T-matrix approach to heavy quark diffusion in the QGP

TL;DR

This paper develops a T-matrix approach to evaluate heavy quark transport in the Quark-Gluon Plasma, incorporating resonance effects and comparing results with experimental data from RHIC.

Contribution

It introduces a non-perturbative T-matrix method using lattice-QCD potentials to calculate heavy-quark transport coefficients in the QGP.

Findings

Resonance states enhance heavy-quark diffusion coefficients.

Transport coefficients lead to better agreement with RHIC electron spectra.
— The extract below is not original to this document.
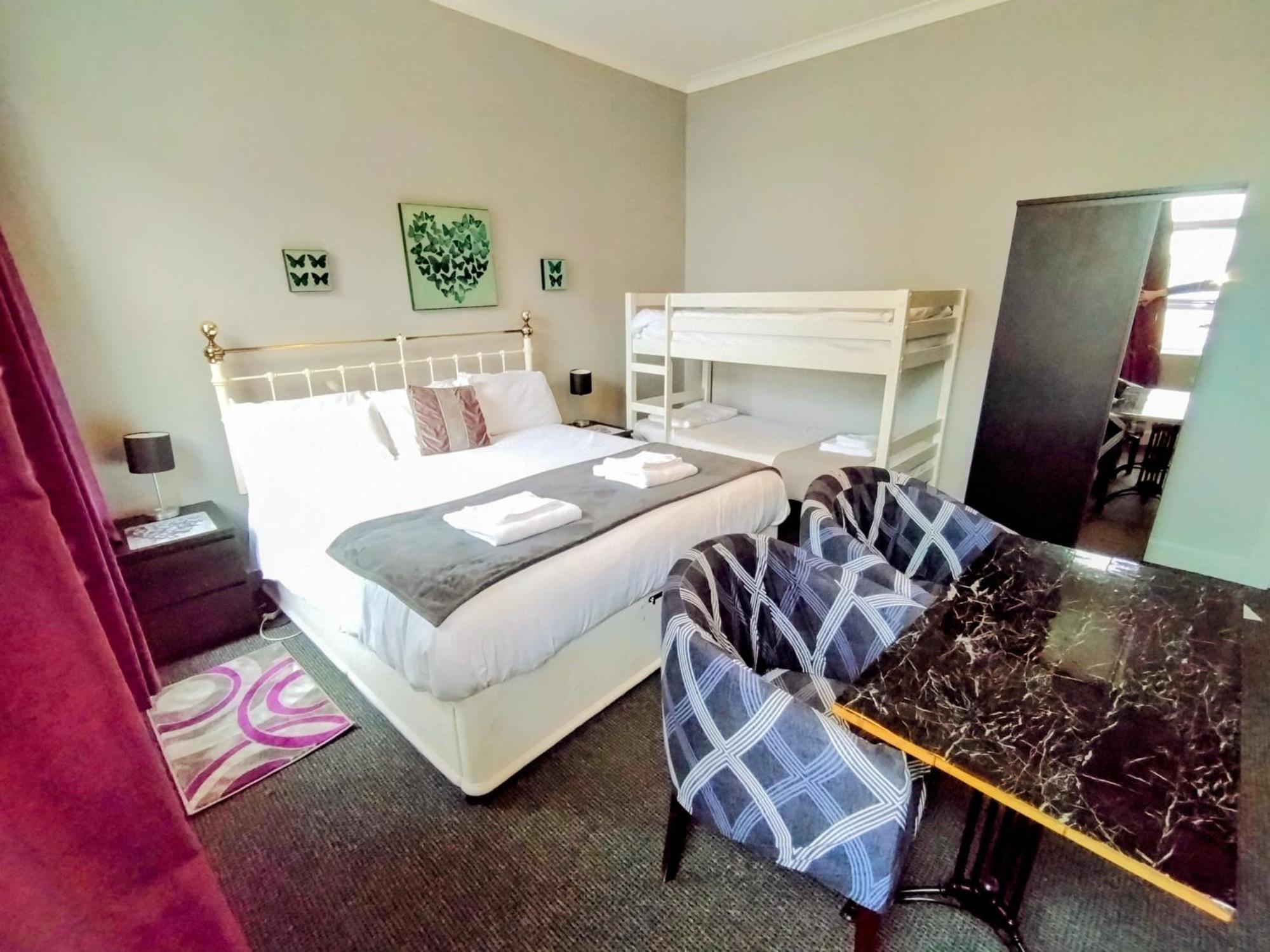 Oyo Gin House Hotel Greenock Extérieur photo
Heavy quarks exhibit significant elliptic flow in the QGP.

Abstract

We assess transport properties of heavy quarks in the Quark-Gluon Plasma (QGP) using static heavy-quark (HQ) potentials from lattice-QCD calculations in a Brueckner many-body T-matrix approach to evaluate elastic heavy-quark-light-quark scattering amplitudes. In the attractive meson and diquark channels resonance states are formed for temperatures up to ~1.5 T_c, increasing pertinent drag and diffusion coefficients for heavy-quark rescattering in the QGP beyond the expectations from perturbative-QCD calculations. We use these transport coefficients, complemented with perturbative elastic HQ gluon scattering, in a relativistic Langevin simulation to obtain HQ p_t distributions and elliptic flow (v_2) under conditions relevant for the hot and dense medium created in ultrarelativistic heavy-ion collisions. The heavy quarks are hadronized to open-charm and -bottom mesons within a combined quark-coalescence fragmentation scheme. The resulting single-electron spectra from their semileptonic decays are confronted with recent data on "non-photonic electrons" in 100 AGeV Au-Au collisions at the Relativistic Heavy-Ion Collider (RHIC).